• **AIM OF THE TASK**: Your output should be exactly the lines from the one containing "Discover more posts" through the final line of the records, both included, with every picture left out.

• **ENTRIES PROVIDED**:
◇ ◇ ◇ ◇ ◇ ◇ ◇
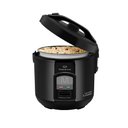 Ver imagem 2 de Panela de Arroz 5 Xícaras Função Manter Aquecido 127v-400w Preta Multi - Go003 Go003 Multilaser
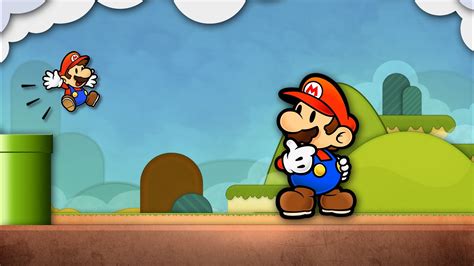 Discover more posts about cartoon wallpaper. Cartoon Mario - HD Wallpapers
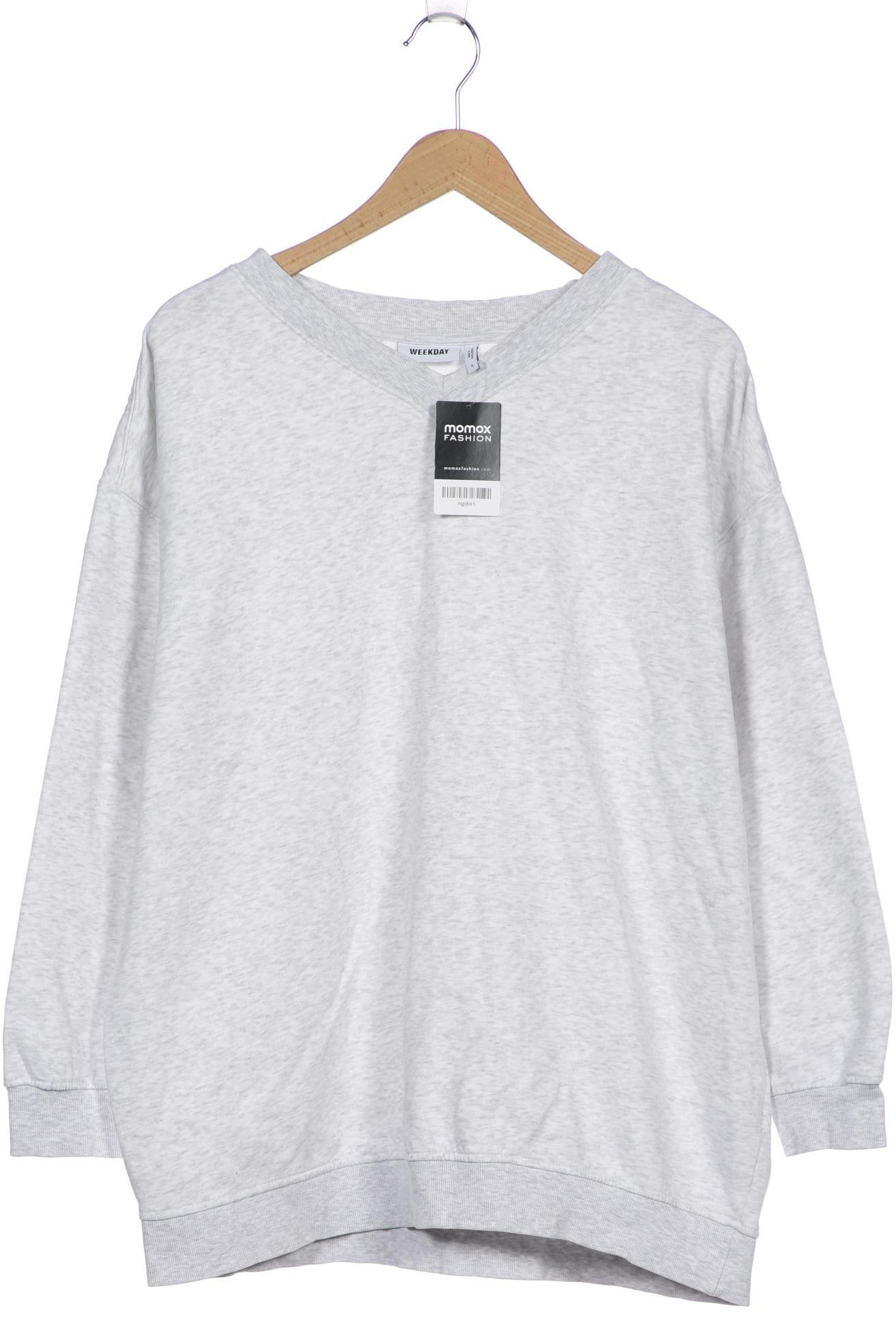 

Weekday Damen Sweatshirt, grau, Gr. 36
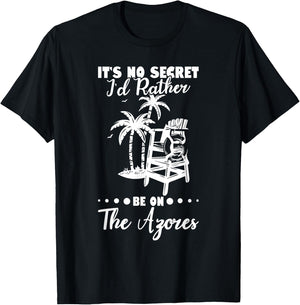 Azores Summer Vacation Family Trip Beach Vacay Azores Women T-Shirt - T-Shirt | Black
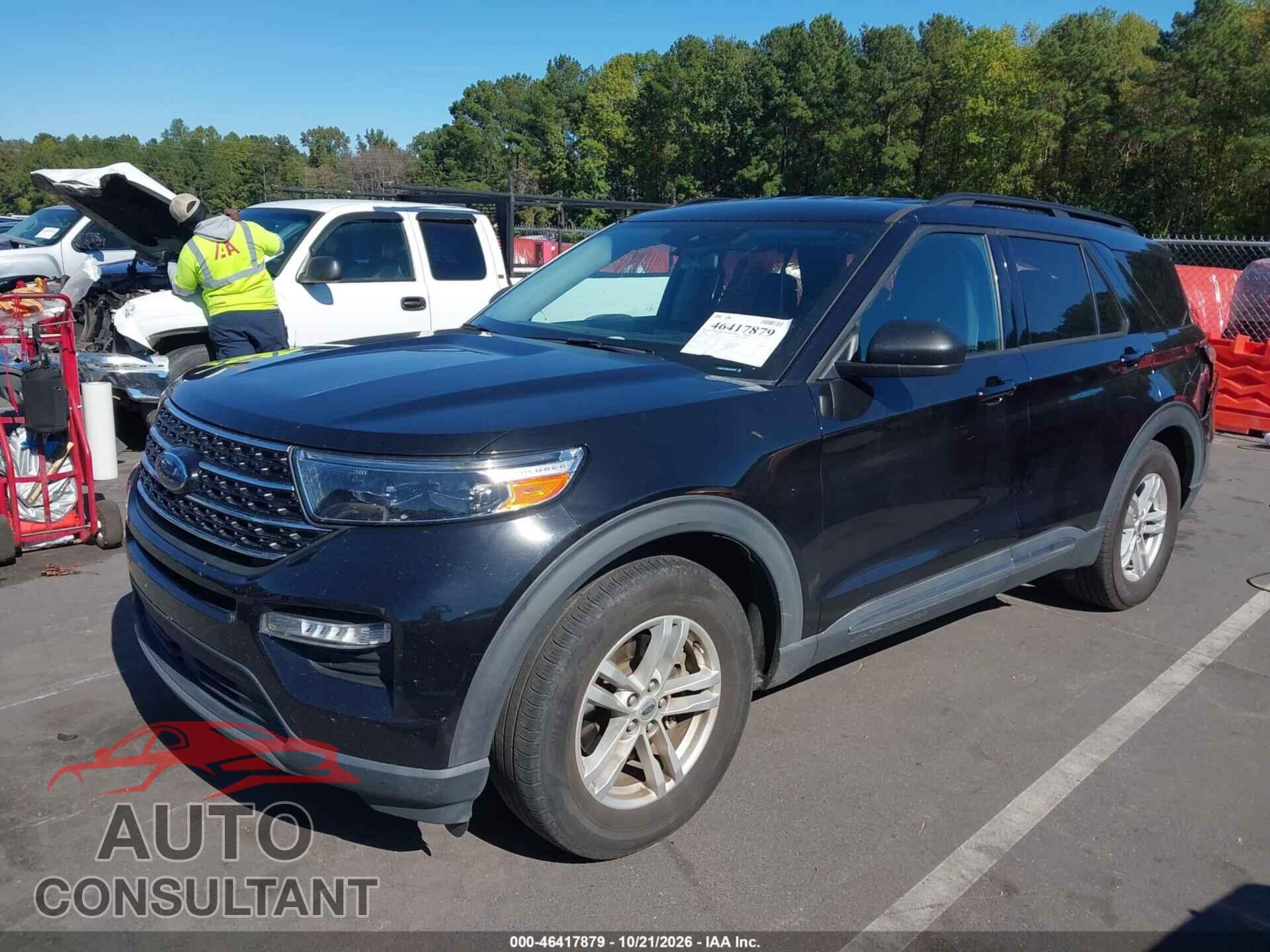 FORD EXPLORER 2020 - 1FMSK7DH8LGD12697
◇ ◇ ◇ ◇ ◇ ◇ ◇
• **EXERCISE RESPONSE**:
 Discover more posts about cartoon wallpaper. Cartoon Mario - HD Wallpapers

Weekday Damen Sweatshirt, grau, Gr. 36
 Azores Summer Vacation Family Trip Beach Vacay Azores Women T-Shirt - T-Shirt | Black
 FORD EXPLORER 2020 - 1FMSK7DH8LGD12697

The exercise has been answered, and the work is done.